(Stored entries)
************
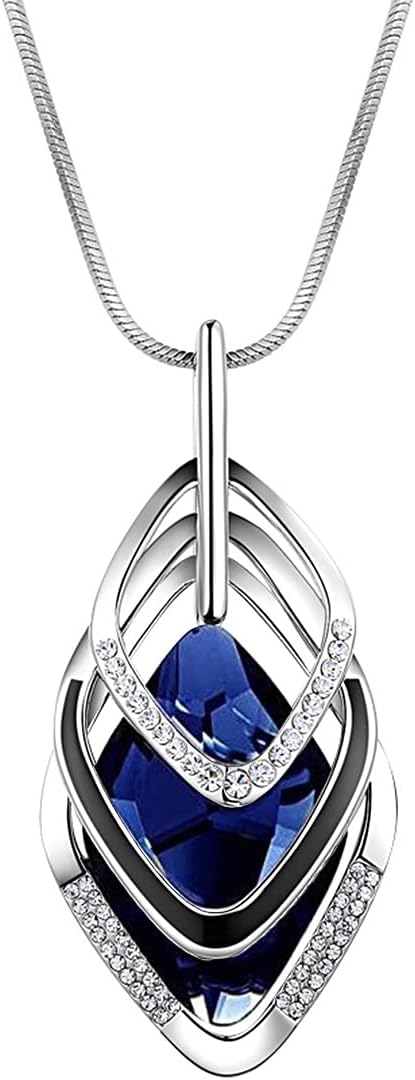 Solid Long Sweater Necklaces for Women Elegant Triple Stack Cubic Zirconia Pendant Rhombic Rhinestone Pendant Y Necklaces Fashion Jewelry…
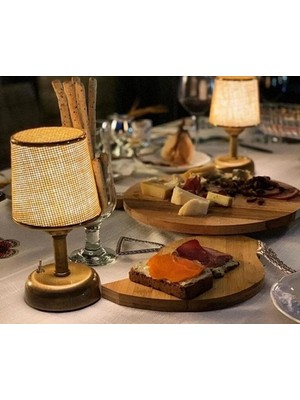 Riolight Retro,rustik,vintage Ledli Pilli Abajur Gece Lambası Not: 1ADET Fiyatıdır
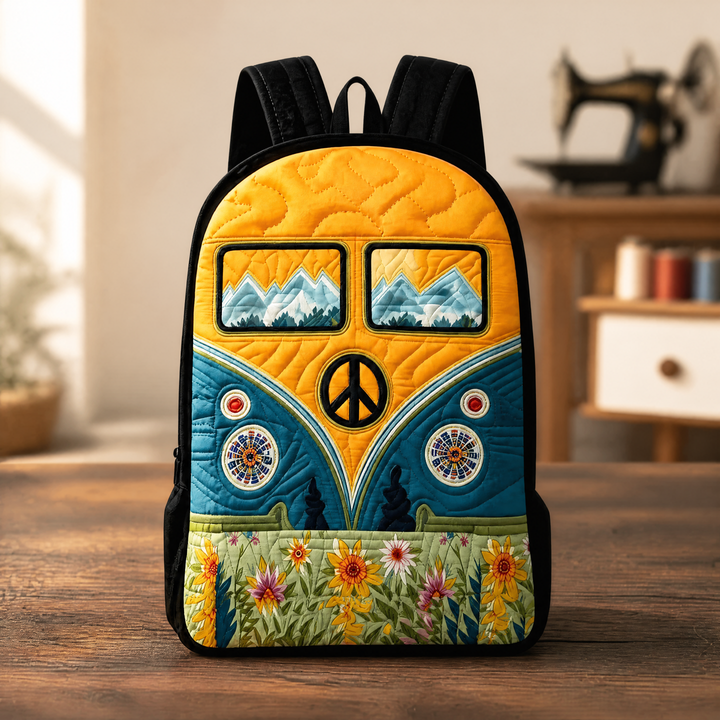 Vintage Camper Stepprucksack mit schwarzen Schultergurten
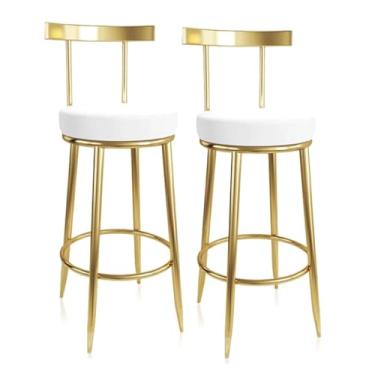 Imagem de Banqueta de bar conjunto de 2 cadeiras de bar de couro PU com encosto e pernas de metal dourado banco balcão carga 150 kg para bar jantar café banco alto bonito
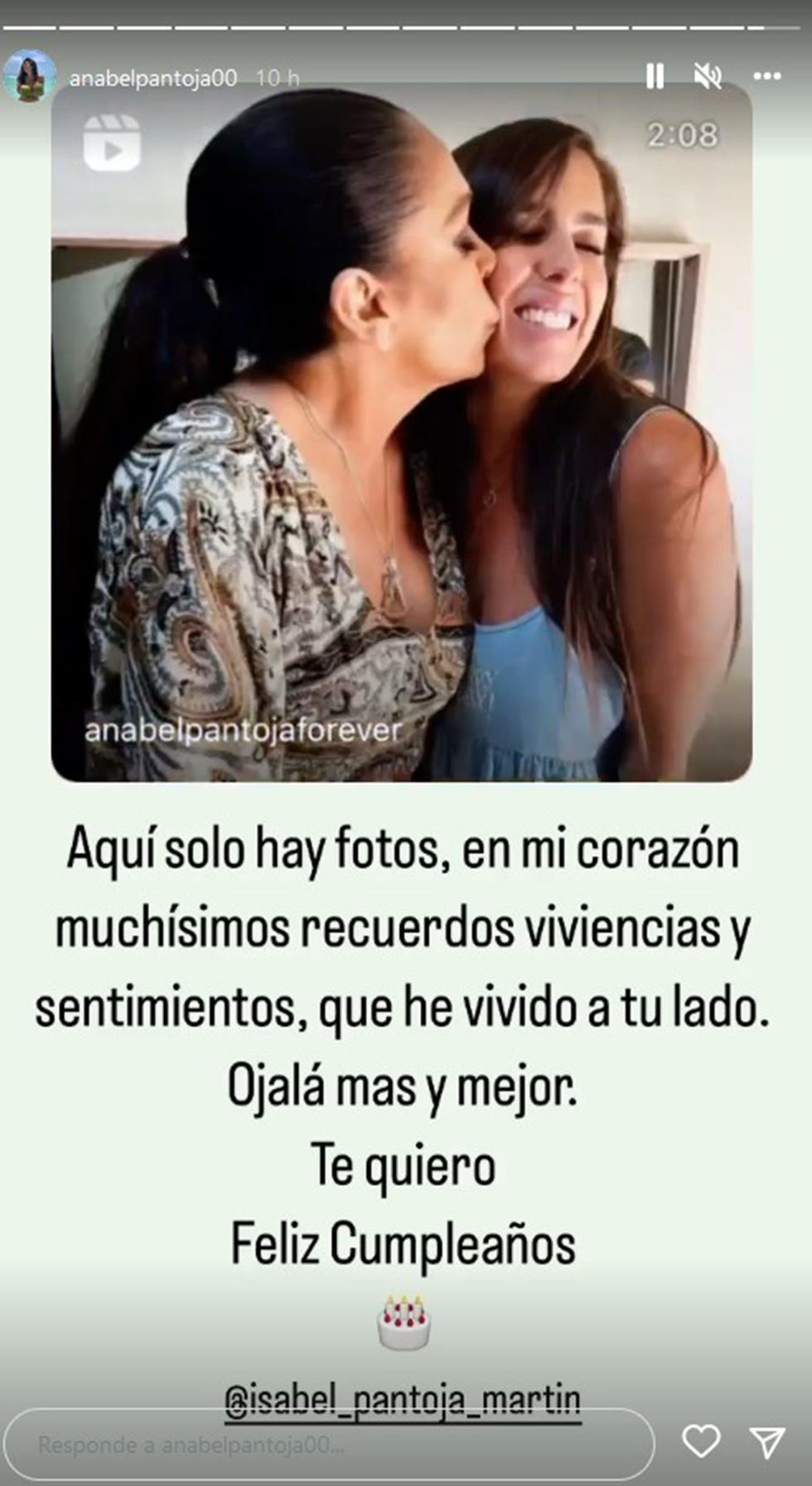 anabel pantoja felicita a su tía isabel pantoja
************
*ASSIGNED TASK:* Return the preceding entries exactly, each word as given, but leave out any picture.

*ANSWER AREA:*
 Solid Long Sweater Necklaces for Women Elegant Triple Stack Cubic Zirconia Pendant Rhombic Rhinestone Pendant Y Necklaces Fashion Jewelry…
 Riolight Retro,rustik,vintage Ledli Pilli Abajur Gece Lambası Not: 1ADET Fiyatıdır
 Vintage Camper Stepprucksack mit schwarzen Schultergurten
 Imagem de Banqueta de bar conjunto de 2 cadeiras de bar de couro PU com encosto e pernas de metal dourado banco balcão carga 150 kg para bar jantar café banco alto bonito
 anabel pantoja felicita a su tía isabel pantoja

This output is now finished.